International Journal of Population Data Science (Sep 2024)

Disability Benefit Reform and Benefit Outcomes: A Re-examination of the Introduction of the UK Personal Independence Payment Using Linked Population Data

  • Ana-Corina Miller,
  • Duncan McVicar,
  • Neil Rowland,
  • Babak Jahanshahi

DOI
https://doi.org/10.23889/ijpds.v9i5.2604
Journal volume & issue
Vol. 9, no. 5

Abstract

Read online

Objectives Many countries face the problem of how to provide support for additional costs faced by disabled people while restricting disability benefit program growth given tight public finances. In 2013, the UK reformed its main additional costs disability benefit with this objective, changing both medical screening and payment rates with the introduction of the Personal Independence Payment (PIP). This study uses newly available linked administrative population data to examine the impact of this major reform on disability benefit receipt. Approach We use the newly available 2011CBI dataset, which links Census records to microdata on benefit receipt for the population of England and Wales from 2011-2015. Difference-in-difference and synthetic control methods are used to estimate the reform impact on the probability of flowing onto disability benefits, exploiting the structure of the roll-out of PIP’s introduction across English regions.
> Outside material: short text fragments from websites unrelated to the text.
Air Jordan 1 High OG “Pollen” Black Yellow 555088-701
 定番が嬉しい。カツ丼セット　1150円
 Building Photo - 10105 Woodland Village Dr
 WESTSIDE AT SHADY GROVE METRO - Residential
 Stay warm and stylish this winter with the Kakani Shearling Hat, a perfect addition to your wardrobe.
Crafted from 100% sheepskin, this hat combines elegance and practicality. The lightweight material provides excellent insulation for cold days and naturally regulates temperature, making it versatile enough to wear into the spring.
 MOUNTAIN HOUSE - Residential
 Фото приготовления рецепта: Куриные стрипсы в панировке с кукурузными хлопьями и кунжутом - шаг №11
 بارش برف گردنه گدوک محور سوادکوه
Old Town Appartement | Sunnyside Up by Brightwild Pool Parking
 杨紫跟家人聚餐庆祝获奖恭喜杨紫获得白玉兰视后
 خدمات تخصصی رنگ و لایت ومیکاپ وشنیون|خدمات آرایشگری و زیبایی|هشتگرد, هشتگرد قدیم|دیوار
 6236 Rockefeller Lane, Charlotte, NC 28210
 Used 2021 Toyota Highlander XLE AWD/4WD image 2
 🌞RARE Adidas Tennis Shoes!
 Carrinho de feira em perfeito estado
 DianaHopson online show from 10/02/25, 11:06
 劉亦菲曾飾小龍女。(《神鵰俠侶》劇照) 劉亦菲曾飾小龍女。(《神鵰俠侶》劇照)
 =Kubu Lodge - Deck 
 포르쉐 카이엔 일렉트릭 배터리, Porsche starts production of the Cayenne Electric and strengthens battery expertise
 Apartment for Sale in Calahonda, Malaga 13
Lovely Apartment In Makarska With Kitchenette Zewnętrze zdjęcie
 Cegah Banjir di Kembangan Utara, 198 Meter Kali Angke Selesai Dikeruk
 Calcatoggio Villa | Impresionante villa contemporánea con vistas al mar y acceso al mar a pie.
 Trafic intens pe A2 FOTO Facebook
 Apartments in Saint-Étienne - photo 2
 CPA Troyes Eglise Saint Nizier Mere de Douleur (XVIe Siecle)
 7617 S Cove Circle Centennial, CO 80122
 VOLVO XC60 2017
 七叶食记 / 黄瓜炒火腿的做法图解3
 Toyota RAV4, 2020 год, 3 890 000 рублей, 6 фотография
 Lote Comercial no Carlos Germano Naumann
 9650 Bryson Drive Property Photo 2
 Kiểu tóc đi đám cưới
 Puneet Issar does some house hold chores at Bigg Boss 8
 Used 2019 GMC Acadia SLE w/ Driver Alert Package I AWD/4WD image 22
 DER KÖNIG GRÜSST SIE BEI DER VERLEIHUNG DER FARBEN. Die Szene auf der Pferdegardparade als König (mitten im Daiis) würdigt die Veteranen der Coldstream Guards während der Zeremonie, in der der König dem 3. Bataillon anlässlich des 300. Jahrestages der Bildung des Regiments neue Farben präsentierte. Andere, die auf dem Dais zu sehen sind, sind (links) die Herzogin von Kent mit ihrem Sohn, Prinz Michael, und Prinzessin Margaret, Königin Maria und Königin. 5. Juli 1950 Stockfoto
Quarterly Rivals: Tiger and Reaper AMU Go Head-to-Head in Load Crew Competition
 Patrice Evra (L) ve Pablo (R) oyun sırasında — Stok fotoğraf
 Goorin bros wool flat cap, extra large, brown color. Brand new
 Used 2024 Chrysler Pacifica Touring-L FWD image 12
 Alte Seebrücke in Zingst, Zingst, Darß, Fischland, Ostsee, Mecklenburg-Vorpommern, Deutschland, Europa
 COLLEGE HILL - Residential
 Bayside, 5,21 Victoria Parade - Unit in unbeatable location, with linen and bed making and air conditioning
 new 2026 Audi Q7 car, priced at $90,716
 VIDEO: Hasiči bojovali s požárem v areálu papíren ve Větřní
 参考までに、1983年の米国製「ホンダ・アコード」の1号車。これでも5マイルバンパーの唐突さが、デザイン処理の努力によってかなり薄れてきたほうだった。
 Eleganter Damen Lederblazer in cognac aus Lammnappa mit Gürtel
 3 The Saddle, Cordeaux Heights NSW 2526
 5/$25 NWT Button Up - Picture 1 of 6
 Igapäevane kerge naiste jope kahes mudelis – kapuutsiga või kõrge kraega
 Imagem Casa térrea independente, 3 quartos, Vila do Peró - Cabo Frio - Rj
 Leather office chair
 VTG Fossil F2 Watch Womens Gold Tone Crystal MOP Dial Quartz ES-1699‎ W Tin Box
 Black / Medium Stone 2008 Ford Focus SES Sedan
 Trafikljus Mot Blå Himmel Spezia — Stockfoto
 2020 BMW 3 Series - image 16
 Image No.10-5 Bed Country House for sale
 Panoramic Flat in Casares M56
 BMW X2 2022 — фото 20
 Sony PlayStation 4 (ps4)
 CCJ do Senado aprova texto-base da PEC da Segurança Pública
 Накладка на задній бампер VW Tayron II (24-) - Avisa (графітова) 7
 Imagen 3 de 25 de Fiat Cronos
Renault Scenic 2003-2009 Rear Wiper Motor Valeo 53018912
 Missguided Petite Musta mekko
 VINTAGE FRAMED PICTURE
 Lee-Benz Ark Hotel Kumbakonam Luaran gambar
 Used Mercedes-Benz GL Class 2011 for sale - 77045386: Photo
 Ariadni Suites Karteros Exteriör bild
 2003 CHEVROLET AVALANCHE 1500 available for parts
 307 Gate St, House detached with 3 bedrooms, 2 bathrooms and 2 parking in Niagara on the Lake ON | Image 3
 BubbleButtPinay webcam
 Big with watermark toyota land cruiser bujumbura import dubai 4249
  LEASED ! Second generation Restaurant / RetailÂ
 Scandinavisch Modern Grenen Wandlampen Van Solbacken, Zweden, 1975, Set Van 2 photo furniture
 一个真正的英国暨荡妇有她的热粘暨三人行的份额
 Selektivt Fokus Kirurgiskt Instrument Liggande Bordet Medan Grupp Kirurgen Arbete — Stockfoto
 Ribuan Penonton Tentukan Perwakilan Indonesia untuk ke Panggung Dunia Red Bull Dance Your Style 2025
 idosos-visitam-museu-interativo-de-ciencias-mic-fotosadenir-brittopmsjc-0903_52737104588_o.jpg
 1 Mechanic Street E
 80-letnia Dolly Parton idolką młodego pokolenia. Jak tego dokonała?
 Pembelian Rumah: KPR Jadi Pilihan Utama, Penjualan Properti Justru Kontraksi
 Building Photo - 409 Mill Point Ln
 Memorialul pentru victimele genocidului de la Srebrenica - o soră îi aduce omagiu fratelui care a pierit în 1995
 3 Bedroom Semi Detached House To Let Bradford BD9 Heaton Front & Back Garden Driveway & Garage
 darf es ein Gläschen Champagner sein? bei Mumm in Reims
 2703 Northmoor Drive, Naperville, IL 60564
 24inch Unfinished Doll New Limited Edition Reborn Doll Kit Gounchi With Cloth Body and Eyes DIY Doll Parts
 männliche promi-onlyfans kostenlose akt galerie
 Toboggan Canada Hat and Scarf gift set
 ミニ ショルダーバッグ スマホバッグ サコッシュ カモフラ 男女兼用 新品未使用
Results Introducing PIP led to a sharp fall in the probability of disability benefit onflow, with tentative evidence of a partial reversal in the following year. Further analysis is required to quantify the extent to which this reflects well-known administrative delays in processing applications as opposed to a step change in the probability of claims being successful. Conclusions This study is the first to present linked administrative population data estimates of the benefit recipiency effects of the introduction of PIP. In doing so it both contributes to the wider international literature on disability benefit reform and provides an early research application of a significant new administrative dataset for England and Wales.